James Zogby, one of Bernie Sanders’ appointees to the the Democratic Party’s platform committee, said he had been unfairly typecast as an anti-Israel activist.

“I’ve just been cast as the anti-Israel guy,” Zogby, the founder and president of the Arab American Institute, said in an interview published Friday in The Jerusalem Post. “People will type you.”

This view, which Zogby said does not reflect his views toward the Jewish state, “bothers me more than anything else that it fuels a simplistic, combative narrative,” he said.

As a member of the Executive Committee of the Democratic National Committee,  Zogby has played a key role in attempt to include in the party’s platform language that recognizes Palestinian “dignity,” and against Israel’s “occupation” and “settlement activity” in what the proposed inclusions refer to as Palestinian lands, according to The Jerusalem Post.

The latest draft of the platform, which is set to be finalized in July, declares that achieving Palestinian statehood would provide “the Palestinians with independence, sovereignty, and dignity,” whereas previous formulations referred to a two-state solution as benefitting only Israel. A proposed phrase calling on Israel to end “Israeli military occupation and illegal settlements” in the West Bank was defeated last week in an executive committee meeting in St. Louis.

Zogby supports the rights of Americans to boycott products produced in the settlements. He also told The Jerusalem Post that Prime Minister Benjamin Netanyahu “does more to delegitimize the State of Israel than the BDS movement ever has.”

But, “On the issue of delegitimizing Israel, I object to language that ultimately crosses the line into anti-Semitism,” he said. “That language is offensive, its anti-Semitic and its hurtful.”

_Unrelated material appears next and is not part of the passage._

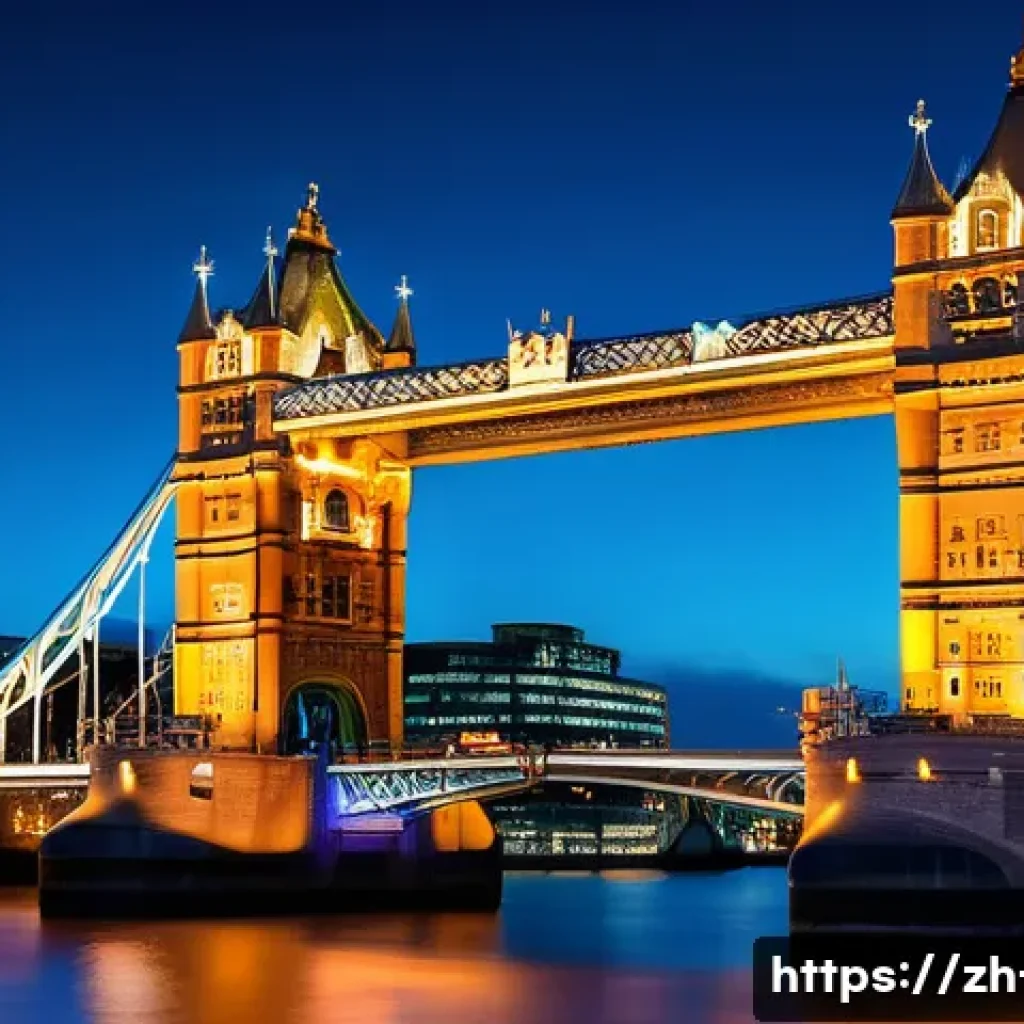 런던 타워브리지 야경 - A stunning nighttime scene of London Tower Bridge illuminated by warm golden lights that emphasize i...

The son of Maronite Catholic immigrants from Lebanon, Zogby has become one of the most prominent voices for the Arab-American community. He has a son who is married to a Muslim and a daughter married to a Jew, he said.

“When you type me and reduce me to one thing– which is some ‘hater of’ or ‘threat to’ or ‘danger to’ Israel – then there are crazy people out there who will decide to do things,” he complained. He said he has received death threats. The Post article did not specify as to the nature of these threats.

In the 1990s, then vice president Al Gore tapped Zogby to help promote business investment in the Palestinian territories, in a project known as Builders for Peace. President Barack Obama has twice appointed him to serve on the US Commission on International Religious Freedom, in 2013 and 2015.

According to the Post, Zogby’s views are aligned with those of J Street, the Jewish organization which supports increasing international pressure on Israel to speed negotiations toward a two-state solution, which J Street says will benefit both peoples. J Street defines itself as a pro-Israel organization.

Zogby said his attempt to include language that speaks of Israel occupation reflects mainstream views. “There isn’t a president in the last 30 or 40 years who doesn’t call it an occupation,” he said, noting that consecutive Republican and Democratic administrations have also condemned Israel’s continued settlement activity in the West Bank.

Sanders, the first Jewish candidate to win major party nominating contests, named five of the platform committee’s members, including Zogby and two other frequent critics of Israeli policy, Cornel West, a philosopher and African-American social activist, and Rep. Keith Ellison, D-Minn., the first Muslim elected to Congress.